Hi, I’m running a telegraf (v1.9.1) pod alongside an application in kubernetes. We’re sending a lot of metrics and running into a statsd message queue full error:
2019-12-02T00:57:24Z E! Error: statsd message queue full. We have dropped 901920000 messages so far. You may want to increase allowed_pending_messages in the config
We’ve increased the allowed_pending_messages to about 80000 but the problem is still persisting. We’re only running 1 telegraf pod because we thought horizontally scaling it would affect the statsd aggregation. Would it be possible to run multiple telegraf pods or would that cause the statsd aggregate measurements to be inaccurate?

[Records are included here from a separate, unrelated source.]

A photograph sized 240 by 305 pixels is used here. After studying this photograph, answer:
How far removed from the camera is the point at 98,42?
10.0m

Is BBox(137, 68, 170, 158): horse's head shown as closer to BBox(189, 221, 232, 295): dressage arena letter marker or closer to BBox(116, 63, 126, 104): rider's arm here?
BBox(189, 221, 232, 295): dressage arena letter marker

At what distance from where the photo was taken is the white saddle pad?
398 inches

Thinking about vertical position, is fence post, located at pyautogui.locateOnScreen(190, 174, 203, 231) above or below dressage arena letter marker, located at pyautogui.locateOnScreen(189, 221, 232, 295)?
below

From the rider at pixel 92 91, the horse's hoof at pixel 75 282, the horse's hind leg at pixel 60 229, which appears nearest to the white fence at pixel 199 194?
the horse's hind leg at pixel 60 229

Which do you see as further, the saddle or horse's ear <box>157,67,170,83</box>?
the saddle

This would affect the aggregated data if you split the same metrics across the two Telegraf, but if you shard the output consistently you could send to multiple Telegraf.
I’m curious about how many statsd metrics you are sending, do you know your approximate rate?

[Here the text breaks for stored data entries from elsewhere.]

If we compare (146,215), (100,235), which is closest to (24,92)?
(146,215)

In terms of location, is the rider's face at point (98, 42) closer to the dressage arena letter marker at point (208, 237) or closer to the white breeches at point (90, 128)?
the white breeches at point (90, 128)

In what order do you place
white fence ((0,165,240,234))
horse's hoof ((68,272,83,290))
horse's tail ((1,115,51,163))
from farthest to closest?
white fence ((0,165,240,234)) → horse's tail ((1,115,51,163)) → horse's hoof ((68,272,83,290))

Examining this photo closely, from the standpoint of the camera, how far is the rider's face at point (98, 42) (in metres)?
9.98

I added telegraf internal and it says metrics gathered for statsd is about 130units/sec
That doesn’t seem very high, but it occurs to me now that these metrics can be made up of any number of statsd metrics due to the aggregation, so I guess it isn’t very helpful in the current form. I could add some additional counters for the plugin though, would you be able to test a development build?
I opened an issue on GitHub (#6779), right now I’m very busy finalizing the 1.13.0 release but I’ll work on this later this week and will add links for testing on the issue.
thanks, I was wondering, our agent interval was at 60s, would there have been less pending messages if the interval was at 10s?
I wouldn’t expect it to make much of a difference.
Sorry about the delay, I added some build links to telegraf #6921 and some queries that I’m interested in to telegraf #6919.